In respect of the High Court’s power to grant a BLO there are a number of issues to be aware of:

  • Firstly, the High Court is empowered to grant a BLO against bodies corporate that are associated with the original body corporate. This is an extremely wide power and is intended to largely circumvent the mechanisms that many companies have traditionally used to insulate themselves from risk (i.e. the use of SPVs etc.) and it should be noted that a BLO may be made in respect of a liability of company that has been dissolved and continues to have effect even if the company is dissolved after the making of a BLO. However, a BLO can only be made against a body corporate and, as such, it does not appear that a BLO can be made against a partnership and/or an individual.
  • Secondly, the High Court may make a BLO where it considers that it is “just and equitable” to do so. As with RCOs, this is not a defined term and no guidance has been provided to clarify what this means. Accordingly, it is not clear how the High Court will apply this test and until such time as the first BLO is made by the High Court, there is no clarity as to the circumstances when a BLO will be granted or against whom.
  • Thirdly, a BLO may be granted in circumstances where a relevant liability has accrued under the DPA or the BA or as a result of a building safety risk. It is important to note that a relevant liability is not limited to building safety risks in higher-risk buildings and that there is no restriction on the types of buildings which may be the subject of a BLO.
  • Finally, the BSA significantly extends the limitation period for liabilities arising under the DPA and the BA, with limitation for prospective claims under the DPA and s.38 of the BA extended to 15 years and, in relation to retrospective claims under the DPA, limitation is extended to 30 years from the date that the BSA came into force. Accordingly, BLOs may be made in respect of liabilities where previously limitation would have provided a defendant with a complete defence to any claim and potential defendants may now be obliged to revisit any provisions that they may have made in respect of historic claims.

Burges Salmon Comment

The ability to apply to the FFT for an RO and/or RCO, or to seek a BLO in a claim before the High Court, provides an injured party with new, and potentially very powerful, alternative routes to seek financial redress and/or to secure the remediation of building safety defects, and any other defects, in their properties.

The full significance of these new powers will only become apparent over time and will depend on how the FFT and the High Court exercise their discretion to determine when to make an RO, RCO and/or BLO and will largely depend on the judicial interpretation of the when it is “just and equitable” to make an order. In applying the “just and equitable” test the FFT and the High Court will need to carefully balance the commercial interests of developers and the wider construction industry against the interests of homeowners and the wider public interest in ensuring building safety.

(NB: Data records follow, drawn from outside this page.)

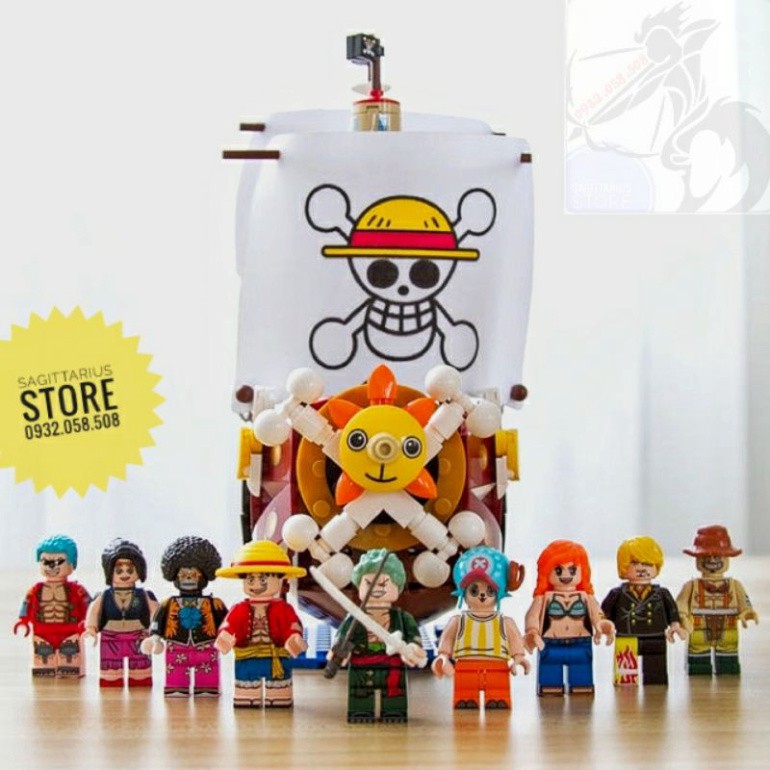 Lego 6299 Lắp Ráp Tàu Hải Tặc Thousand Sunny - One Piece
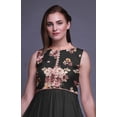 thumbnail image 5 of Bimba Black Floral Anarkali Dress For Women Indian Ethnic Printed Kurti Long Kurta Party Dress Large, 5 of 6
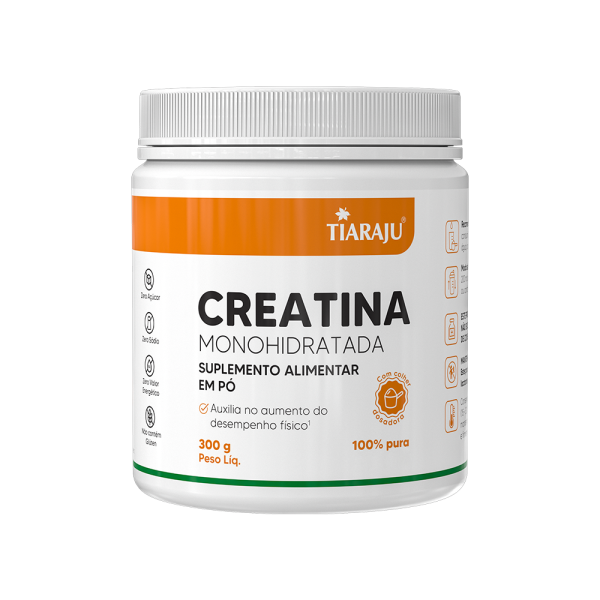 Creatina 100% Pura Monohidratada 300g Tiaraju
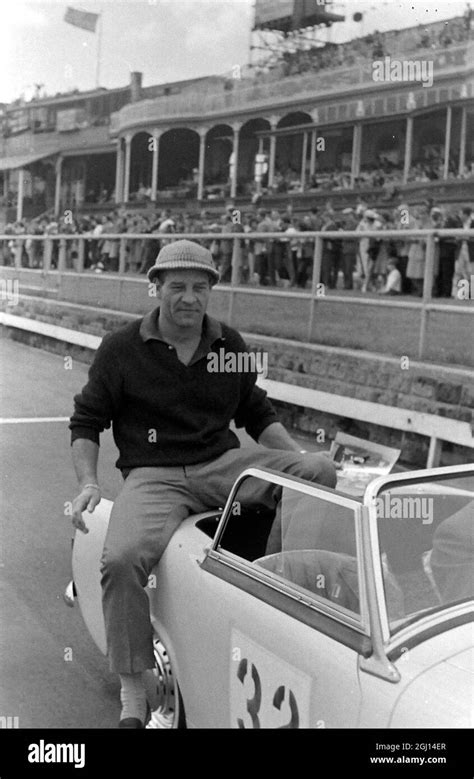 RACING DRIVER INNES IRELAND PORTRAIT - ; 8 AUGUST 1962 Stock Photo - Alamy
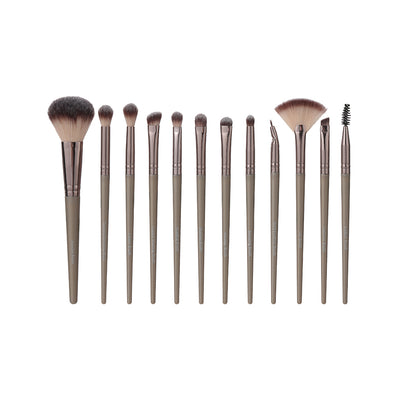 Premium Classic Makeup Brush Set (12 pcs)(Golden)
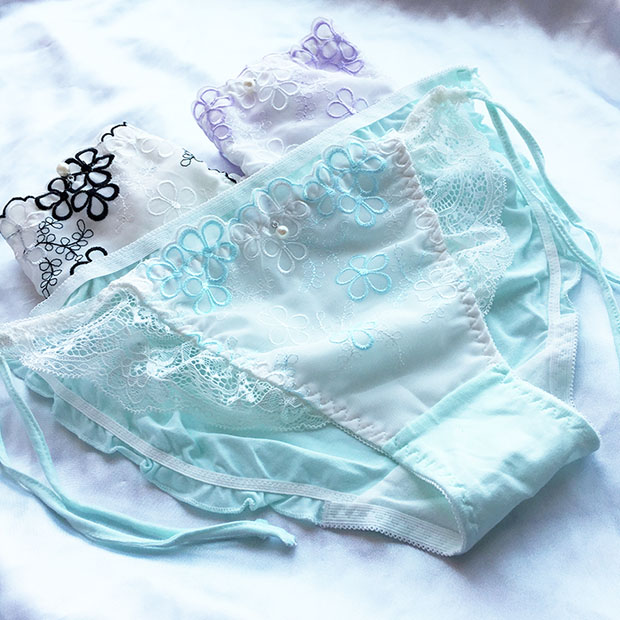 2019新品系带三角裤 少女士两侧绑带内裤侧开内裤蕾丝大码日系绑带式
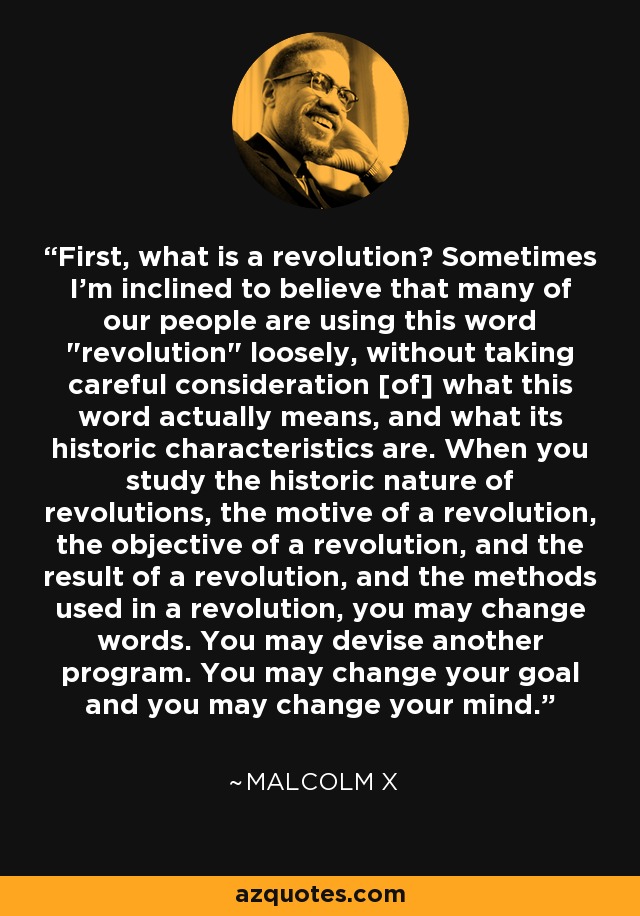 what does the word revolution mean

However, given the significant breadth of these new powers, including the ability of the FFT and the High Court to pierce the corporate veil and make orders against associated commercial entities and the extended limitation periods within which claims may be brought, these new remedies are likely to be of significant concern for those who own and/or are involved in the development of residential buildings where building safety defects are identified. Indeed, the Royal Institute of British Architects has expressed“serious concern” about these new remedies and has warned of the potential adverse impact that they may have on the professional indemnity insurance market affecting the construction industry’s output and future risk appetite.